President Ford caved and bailed them out, after all.
The rhetoric worked. That is why so many other cities and states-- not to mention the federal government-- have continued on with irresponsible spending, and are now facing new budget crises, with no end in sight.
What would have happened if President Ford had stuck to his guns and not set the dangerous precedent of bailing out local irresponsibility with the taxpayers' money?
New York would have gone bankrupt. But millions of individuals and organizations go bankrupt without dropping dead.
Bankruptcy conveys the plain facts that political rhetoric tries to conceal. It tells people who depended on the bankrupt government that they can no longer depend on that bankrupt government. It tells the voters who elected that bankrupt government, with its big spending promises, that they made a bad mistake that they would be wise to avoid making again in the future.
Legally, bankruptcy wipes out commitments made to public sector unions, whose extravagant pay and pension contracts are bleeding municipal and state governments dry.
Is putting an end to political irresponsibility and legalized union racketeering dropping dead?

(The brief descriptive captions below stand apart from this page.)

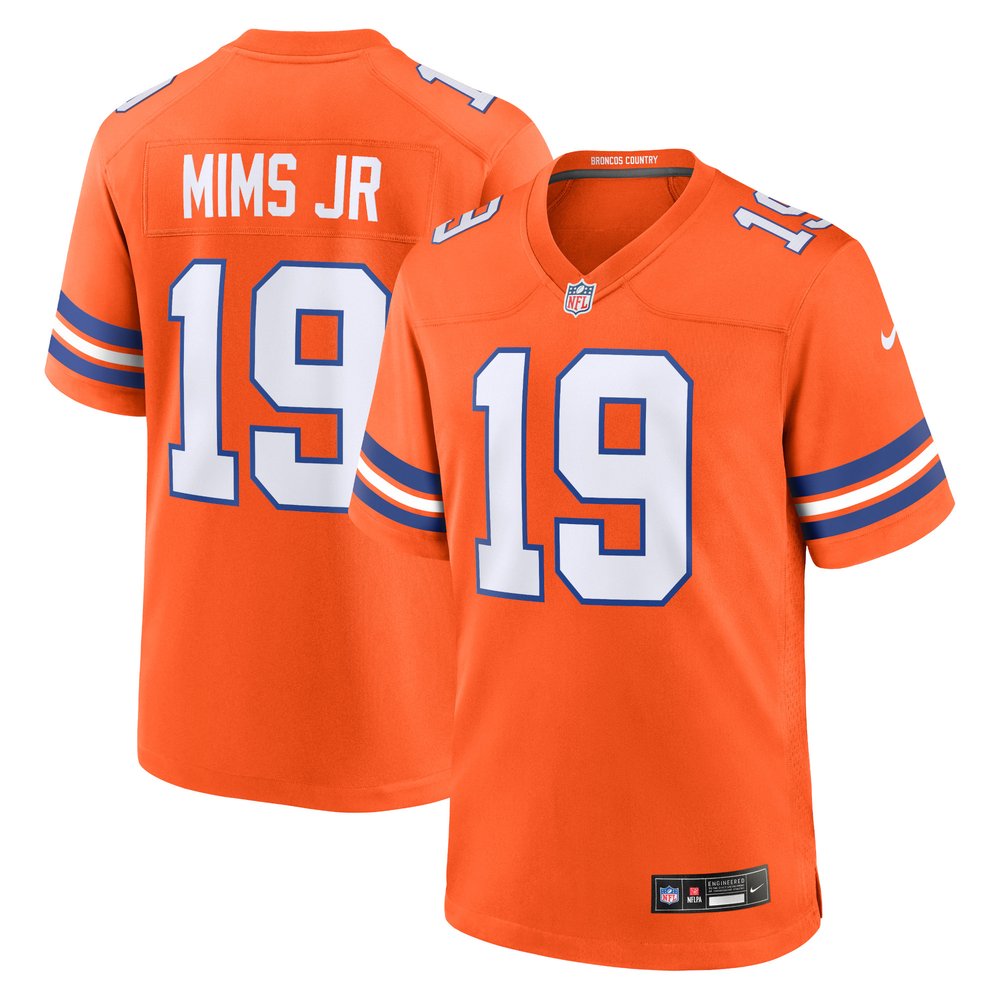 Men's Denver Broncos Marvin Mims Jr Orange Mile High Collection 1977 Throwback Player Game Jersey 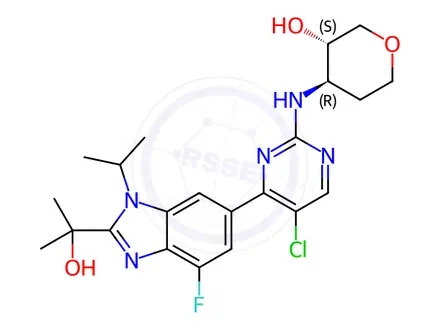 Chemical structure of CDK4/6-IN-6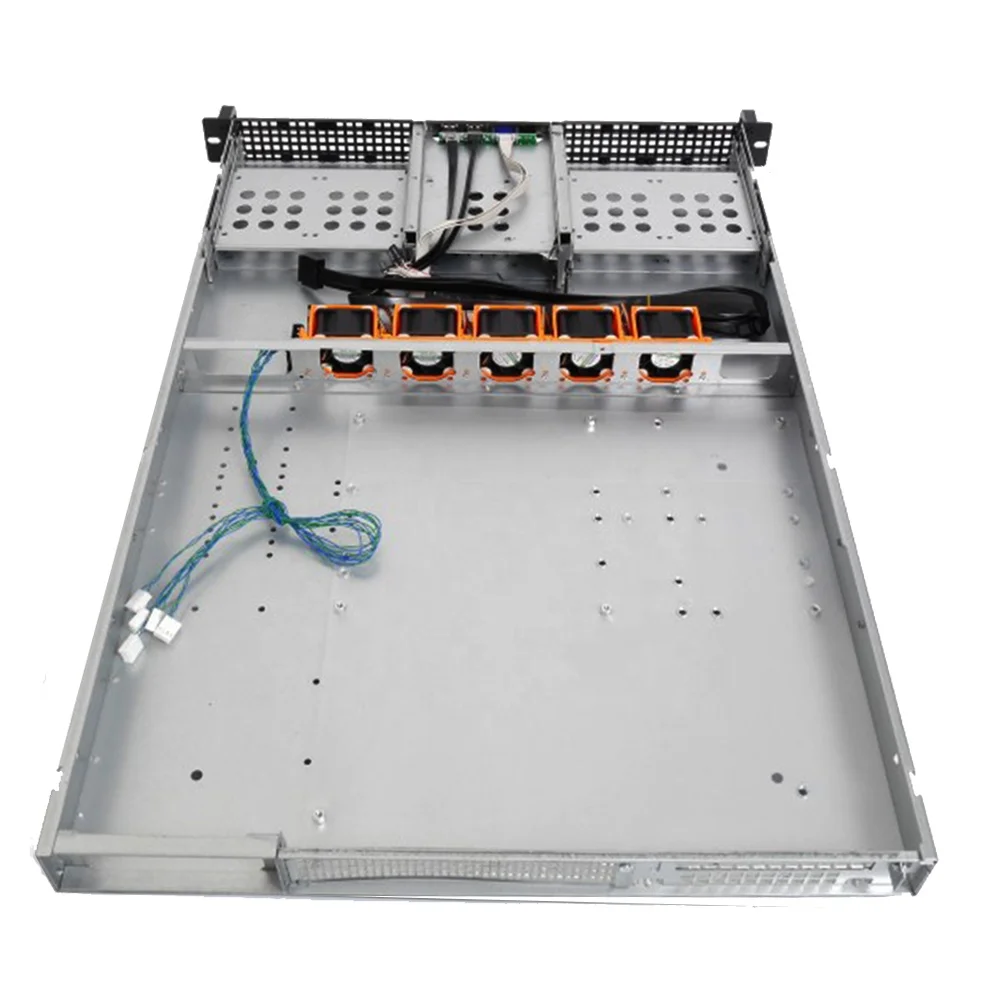 Custom PC Computer Industrial Rack Mount Server barebone Chassis Case 1U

Politics being what it is, we are sure to hear all sorts of doomsday rhetoric at the thought of cutbacks in government spending. The poor will be starving in the streets, to hear the politicians and the media tell it.
But the amount of money it would take to keep the poor from starving in the streets is chump change compared to how much it would take to keep on feeding unions, subsidized businesses and other special interests who are robbing the taxpayers blind.
Letting armies of government employees retire in their fifties, to live for decades on pensions larger than they were making when they were working, costs a lot more than keeping the poor from starving in the streets.
Pouring the taxpayers' money down a thousand bottomless pits of public and private boondoggles costs a lot more than keeping the poor from starving in the streets.
Bankruptcy says: "We just don't have the money." End of discussion. Bailouts say: "Give the taxpayers a little rhetoric, and a little smoke and mirrors with the book-keeping, and we can keep the party rolling."
One of the political games that is played during a budget crisis is to cut back on essential services like police departments and fire departments, in order to blackmail the public into accepting higher tax rates. Often, a lot more money could be saved by getting rid of runaway pension contracts with public sector unions.
Bankruptcy can do that. Bailouts cannot.
What the public needs are current policemen and current firemen, not retired policemen and retired firemen, much less bureaucrats retired on inflated pensions.
The political temptation to create extravagant pensions is always there, not only at state and local levels, or at the federal level, but in countries around the world. Why? Because pensions are benefits that can be promised for the future, without raising the money to pay for them.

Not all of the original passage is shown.